Well I'm stoked it's Monday. So stoked in fact, I literally sat around all day yesterday doing nothing in preparation to be frazzled and pissed off today. I love that about Sundays. I always go into them with a modestly aggressive to-do list, do laundry, wrap some presents, clean room, but instead opt to lay on the couch watching TV and scanning Facebook until my eyes bleed. I Sandusky'd the shit out of Facebook all day yesterday. I can't help it, that's how I always get on Sundays. And I’m not talking about softcore phone stalking, I was doing my creeping on an actual computer, hardcore. It gets out of control. If you’re my friend, I know everything about you today. If you’re not my friend but have an open profile (THANK YOU!) I know everything about you today. And for those prudes with the locked pages, chances are I found a way in somehow. I’m just creepy like that. When I told myself enough was enough and I was forced to put my computer away, I automatically grabbed my phone and did a quick browse on there without even meaning to, it was intense. I think I need to cool it for awhile.
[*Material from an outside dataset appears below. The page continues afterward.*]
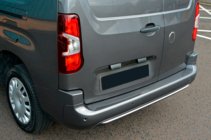 Toyota Proace City 2016- Moldura de parachoques trasero Omsa Line foto 5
In my defense, yesterday was a pretty justified lazy day. Saturday, Chris and I got TBOX’d pretty bad. It’s not as dirty as it sounds, it means The 12 Bars of Christmas, which I think was actually the 65 bars of Christmas. I’ve noticed Chicago has a way of choosing the worst names for things. One of the most popular restaurants is called “The Girl and the Goat,” bring in van full of immigrants and I bet they’d be pretty disappointed when they arrived. A long standing restaurant/club here is called “The Pump Room,” yet another great choice. But anyway, TBOX was the most intense Christmas bar crawl I have ever witnessed in my life. It was the sloppiest fest of Christmas clad young adults getting wasted beyond their means from 7 a.m.-2 a.m. Words can’t describe the shit show that was TBOX on Saturday. We arrived around 2 p.m. and found ourselves about five hours behind everyone. Slutty elves were dancing with drunk Santas who were dancing with Cindy Lue Whos who were grinding on the Abdominal Snowman who was passed out in a corner. And it was barely 2:30 p.m. in the afternoon. If ever I’d seen a nightmare before Christmas, this was it. I was no longer mad the creators of this “event” had taken the Christ out of Christmas and replaced it with Xmas. Christ needn’t be any part of this mess.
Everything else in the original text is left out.